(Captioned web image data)
# # # # # # #

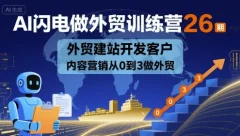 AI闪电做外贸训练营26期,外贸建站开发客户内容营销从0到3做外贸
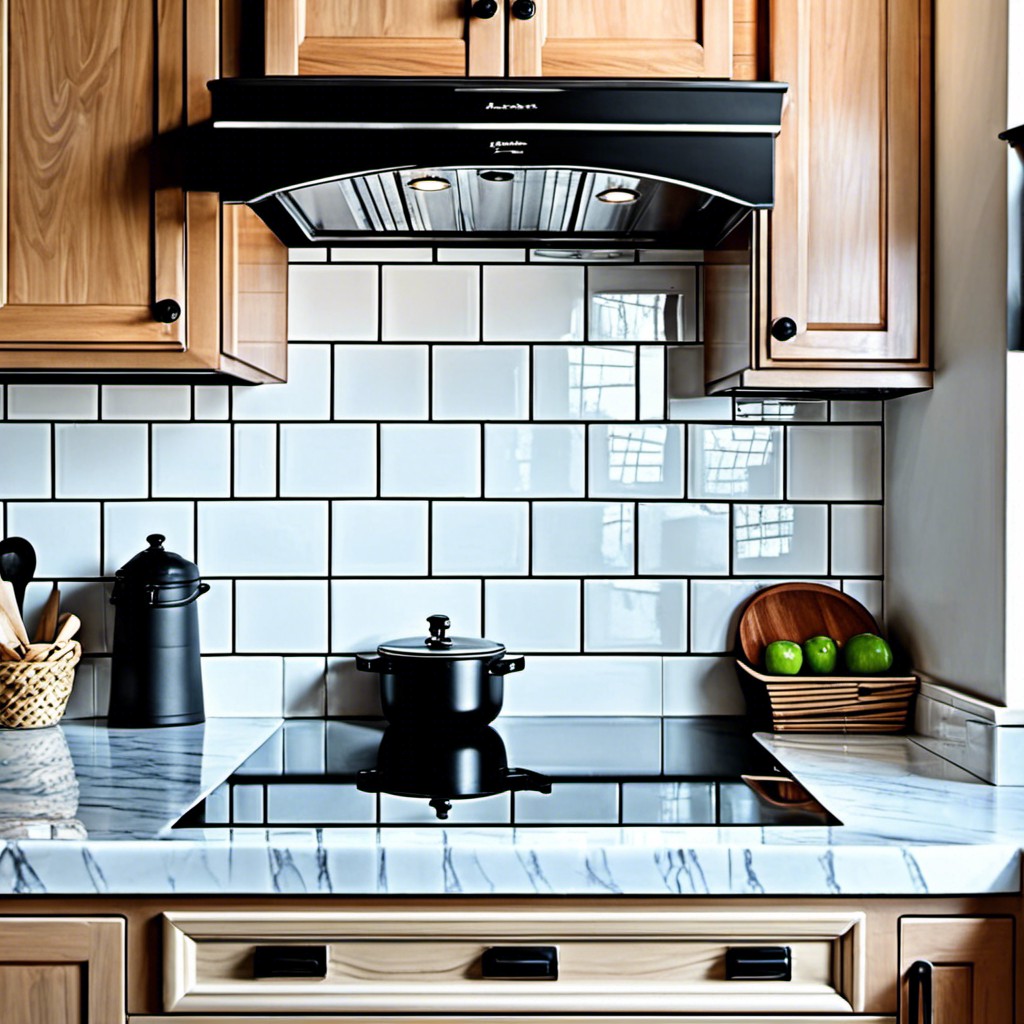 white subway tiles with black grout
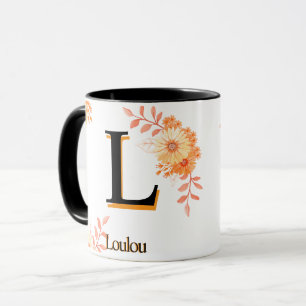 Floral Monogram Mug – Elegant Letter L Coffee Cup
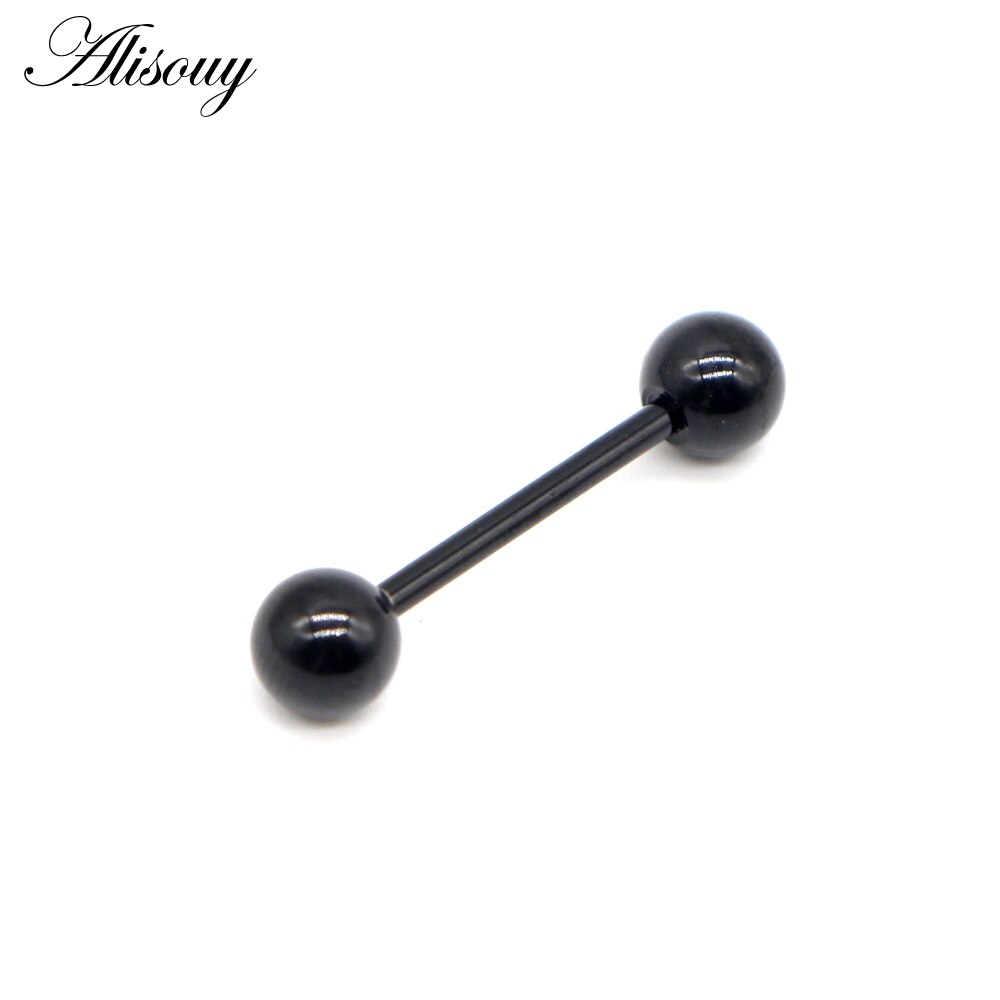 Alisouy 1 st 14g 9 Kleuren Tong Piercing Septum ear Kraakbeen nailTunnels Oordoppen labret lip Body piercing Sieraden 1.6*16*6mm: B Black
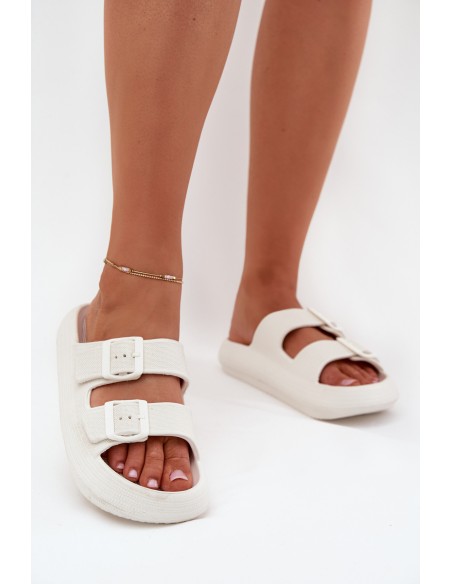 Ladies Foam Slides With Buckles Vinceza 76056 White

# # # # # # #

▶ Work to be completed: Output nothing but the entries above, exactly, once the pictures are removed.

▶ Answer box:
 AI闪电做外贸训练营26期,外贸建站开发客户内容营销从0到3做外贸
 white subway tiles with black grout
 Floral Monogram Mug – Elegant Letter L Coffee Cup
 Alisouy 1 st 14g 9 Kleuren Tong Piercing Septum ear Kraakbeen nailTunnels Oordoppen labret lip Body piercing Sieraden 1.6*16*6mm: B Black
 Ladies Foam Slides With Buckles Vinceza 76056 White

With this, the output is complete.